マレーシア科学大学
文・宇高 雄志
(UTAKA, Yushi)
大学院工学研究科
社会環境システム専攻助手
 ―我が国との交流の将来

私は、この十月まで北部マレーシアのペナン州のペナン島に立地するマレーシア科学大学(USM)に滞在し研究活動を行っていました。当地の大学の様子と、最近の広島大学との交流についてご報告したいと思います。


キャンパス内の大学博物館
 USMは、学生数二万一千人、二十四のスクールからなる総合大学で、今年で開学三十四年を迎えます。キャンパスは緩やかな丘陵地にあり、豊かな緑におおわれています。キャンパスにはモスクがそびえています。

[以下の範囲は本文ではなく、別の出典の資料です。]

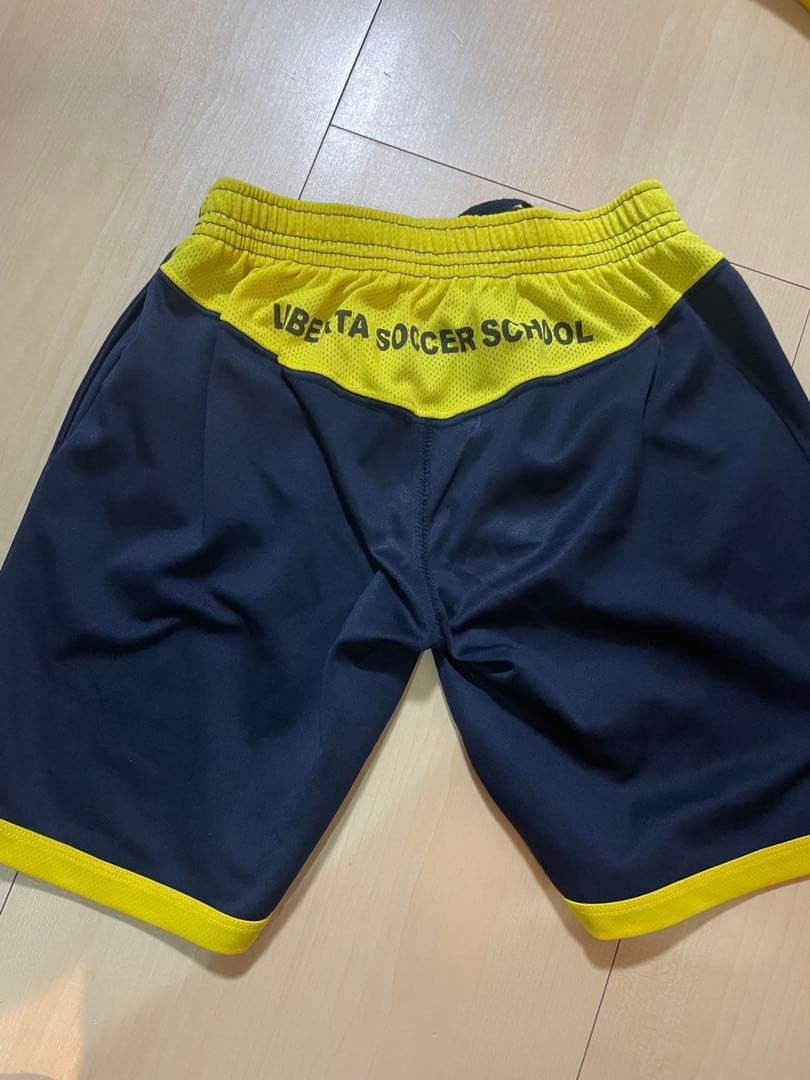 【未使用あり】リベルタサッカースクールユニフォーム4点セット160＆Sサイズ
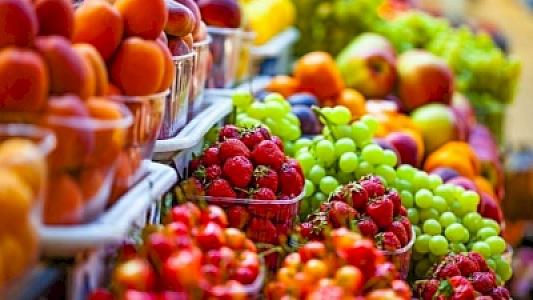 Yazın ən faydalı 7 meyvəsi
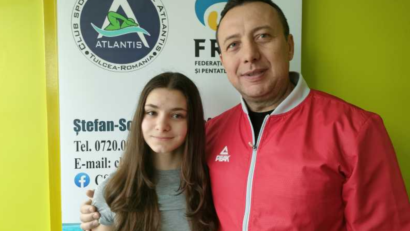 TULCEA: O adolescentă de 14 ani, prima sportivă calificată de cinci ori în finalele unui Campionat național de înot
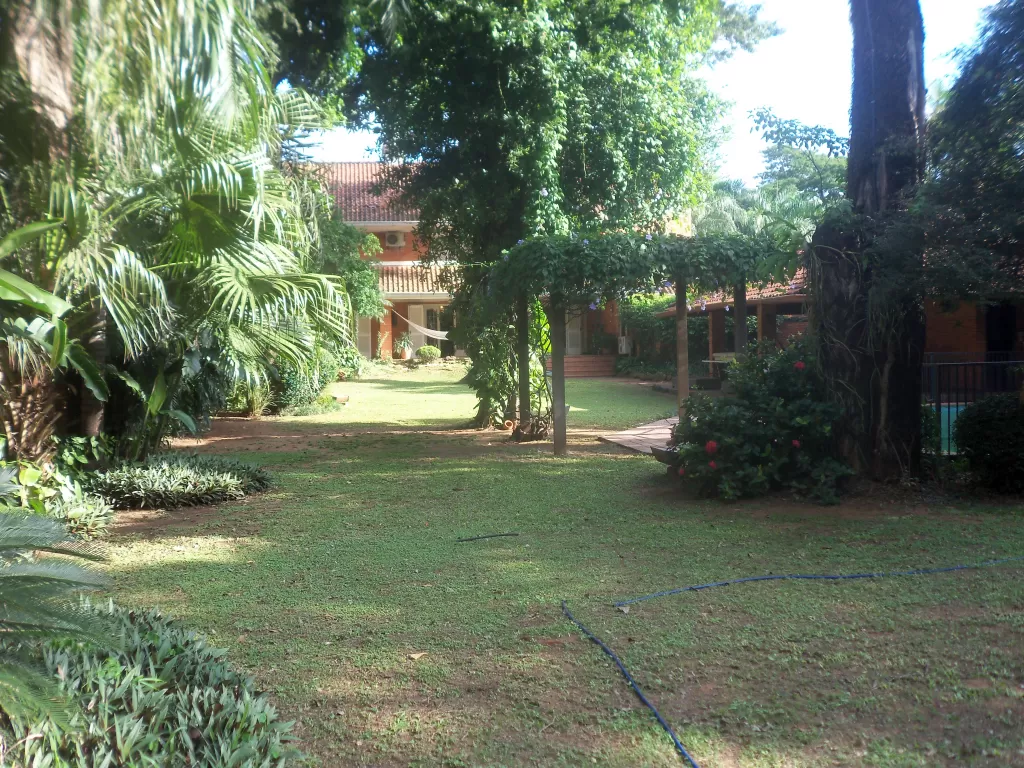 MANSIÓN EN OFERTA 5 DORMITORIOS 1500 M2 DE TERRENO Bº MCAL ESTIGARRIBIA — foto 3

 マレーシアの大学は、教育システムは英国のものに強い影響を受けており、シラバスも英国の流れにそっていてます。教育スタッフも、多くが英国への留学経験があります。80年代以降、マレーシアの大学では国語のマレー語で講義が行われてきましたが、近年ではグローバライゼーションの流れに対応して、英語を中心にした講義が検討されています。

ルックイースト政策と大学
 マレーシア政府は八〇年代からルックイースト政策を進めてきました。この政策は、東の国=我が国や大韓民国の社会開発に注目しようと進められたものです。英国への留学が主流のマレーシアでも、この政策によって、多くの留学生が我が国で学ぶことになりました。現在USMのスタッフの中にも、英語圏への留学者に比べると数の面では少ないですが、日本の大学の留学経験者が少なくありません。
 もっとも、最近の我が国の経済不況や、同国の英語を中心にした教育制度への再編を反映してか、以前ほどの熱烈な「日本ブーム」も沈静化しているといえます。しかしながら、より着実で実質的な交流プログラムが展開されています。

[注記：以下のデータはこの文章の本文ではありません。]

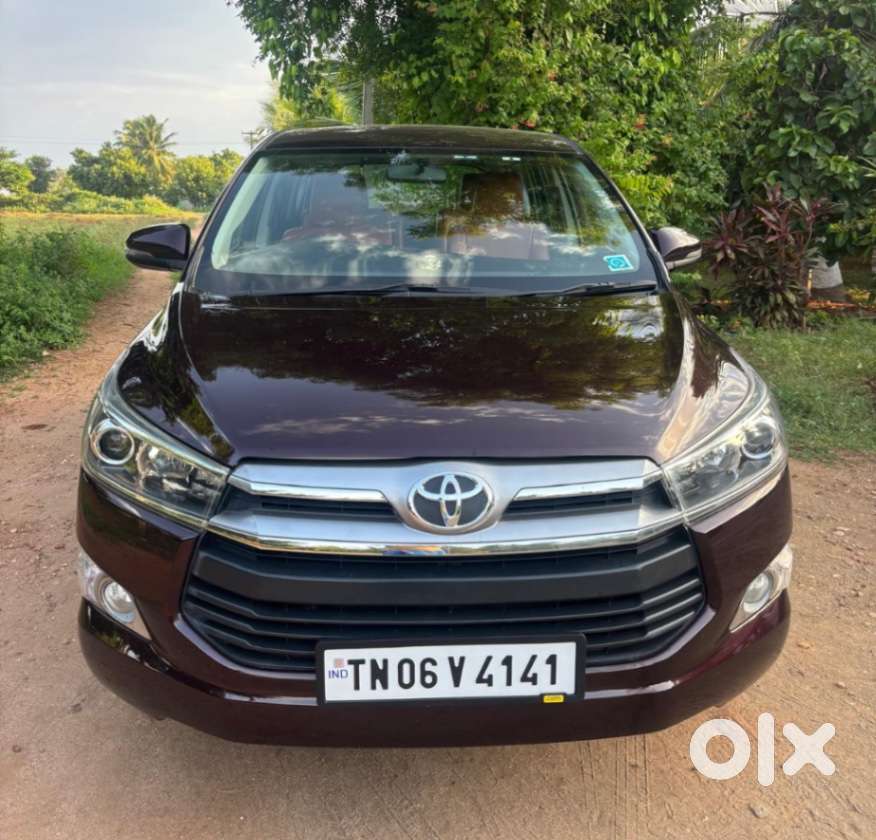 Toyota Innova Crysta 2.7 V, 2017, Diesel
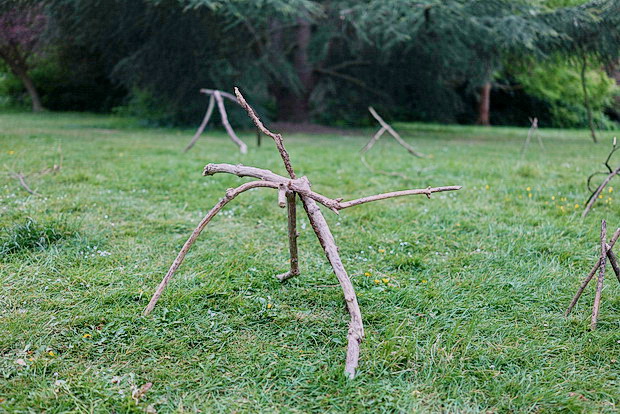 The temporary twig and branch sculptures of Ruskin Park - in photos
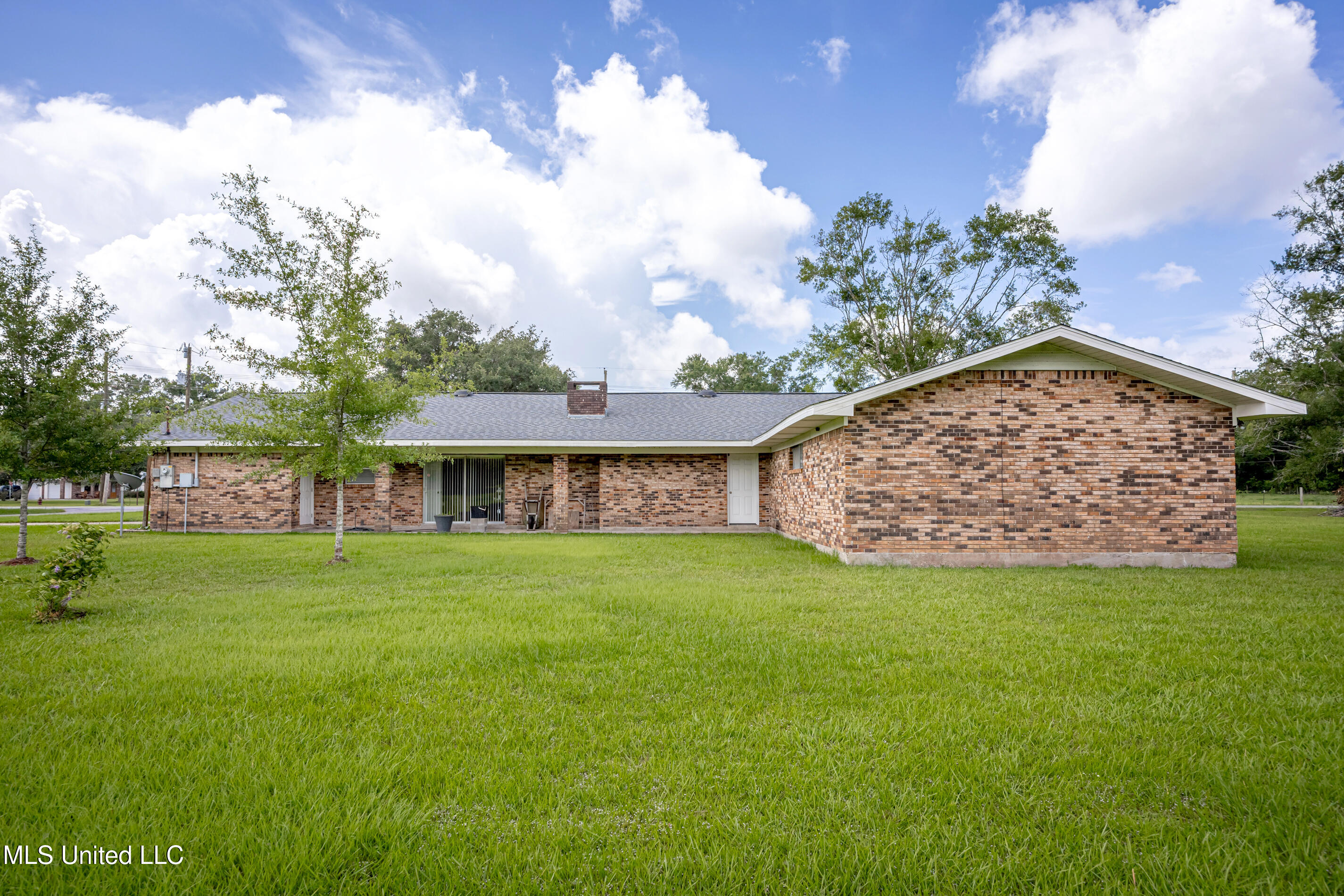 10001 Echo Glen Drive Moss Point, MS 39562 - Photo 56 of 69 IMG_9852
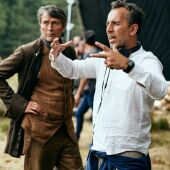 El director Nikolaj Arcel da instrucciones al actor Mads Mikkelsen en el set de rodaje de 'La tierra prometida'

 USMでは、我が国との関係でも、日本学術振興会やJICAのプロジェクトに参加するスタッフも少なくありません。また最近ではUSMでマレー語を勉強する日本人留学生も少なくなく、例えば南山大学からはマレー語の短期留学生を毎年三十名近く受け入れています。言語センターには二名の日本人の語学教員も常駐しています。日本大使館の協賛で日本文化週間も行われています。私のような外国人研究者も多く、広大にとっても大学院生を中心にフィールドワークの拠点となっています。

マレーシアと日本:新しい交流のスタイル
 昨年九月、広大の工学部がアジアの複数国で実施している「国境を超えるエンジニアプロジェクト」の一環で、ペナンには研修生として、田中亮子さん(社会環境システム専攻)と垰野宏明さん(第三類化学工学課程)が(株)FMS・Audioに一か月間の工場研修に来ていました。そこでの体験と研修報告の機会として、USMで学生交流会が催されました。
 交流会とともに、ズルキフリ副学長(学長はマレーシア女王)と、広大からは佐々木工学研究科長と茂里名誉教授(当時・教授)、濱田助教授との会談が行われました。

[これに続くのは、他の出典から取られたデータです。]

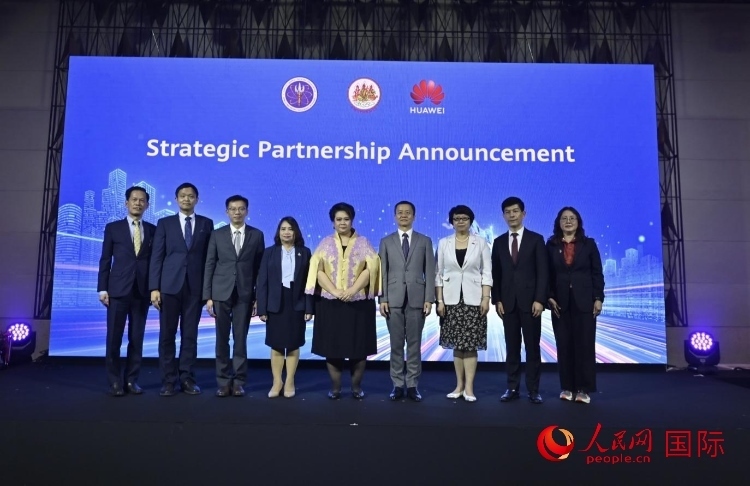 數(shù)字人才峰會現(xiàn)場。左五為泰國高等教育、科學(xué)、研究和創(chuàng)新部長素巴瑪·伊沙拉帕迪，右三中國駐泰國大使館教育參贊許蘭，右四為華為泰國技術(shù)有限公司總經(jīng)理李雄偉。人民網(wǎng)記者 簡承淵攝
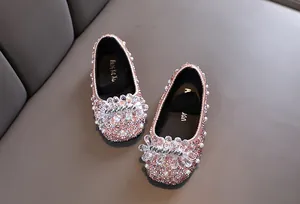 Dettaglio scarpe principessa glitter rosa per bambine con fiore di cristallo scintillante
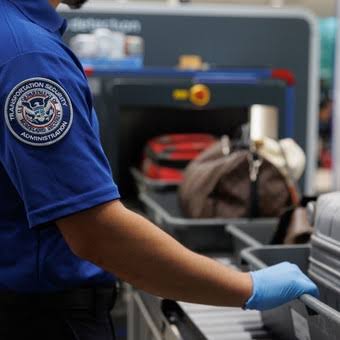 La TSA va a multar con 45 dólares a los pasajeros que vuelen en Estados Unidos sin REAL ID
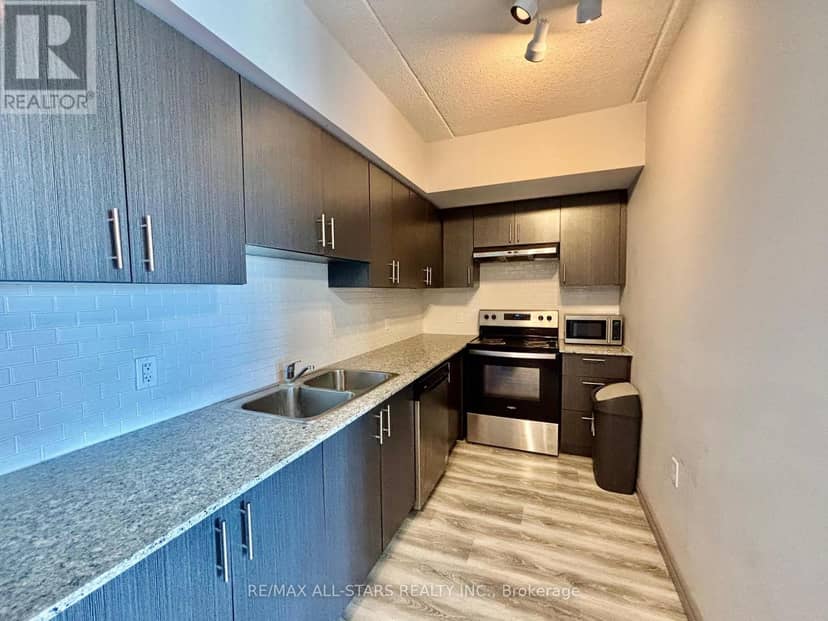 507 - 275 Larch Street — photo 6 of 14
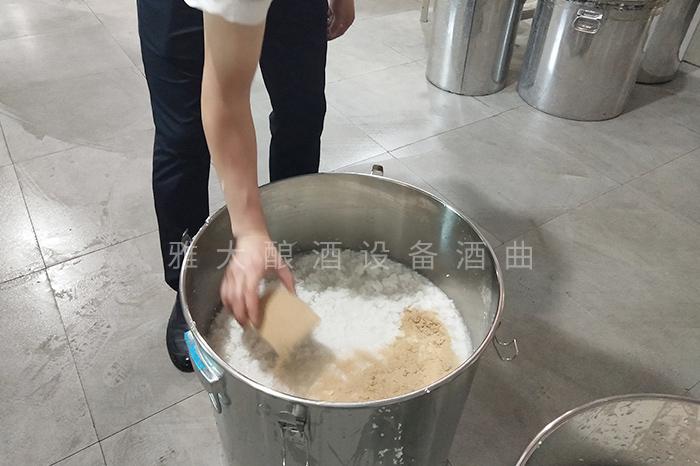 看老师傅怎样用不锈钢酿酒设备将椰肉干酿成酒的! 4 看老师傅怎样用不锈钢酿酒设备将椰肉干酿成酒的! 4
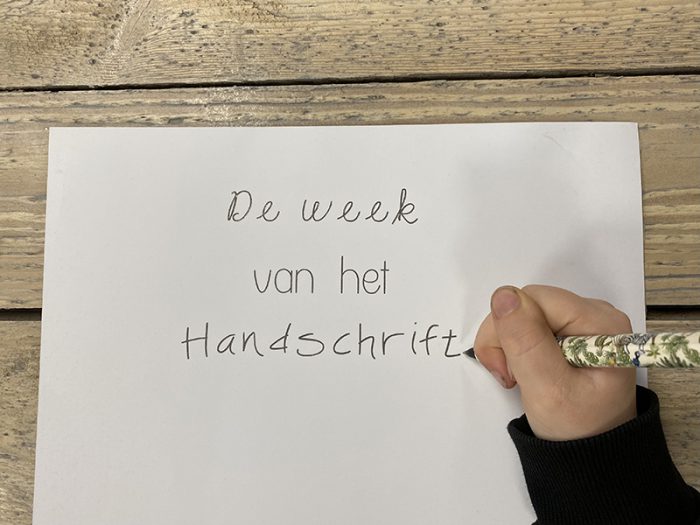 Iemand heeft op een papier geschreven dat het de week van het handschrift is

 実はズルキフリ副学長の父上は、第二次大戦中に広島大学に留学し被爆した、アブドール・ラザク氏です。氏はマレーシアと日本の国際交流の上でのキーパーソンで、多くの留学生を送り、またマレーシアでの日本語教育をリードしてきました。
 さて、USM・広大の学生交流会ですが、広大生の、田中、垰野コンビの巧みなプレゼンテーションによって、「広島大学を訪問したい」、「日本人技術者がペナンで、そんなに多く働いていると思わなかった」とUSMサイドも興味深げでした。
 ペナンには、工業地帯が建設され、日本人の駐在員も数千人にのぼります。大学とこれらの産業、特に日系企業との連携はUSMの大学経営戦略上も重要課題であると、国際交流部長のノピサさんも述べます。今回のような交流の機会は、大学間の教育・研究的な交流のみならず、国際的な技術交流の面でも期待されています。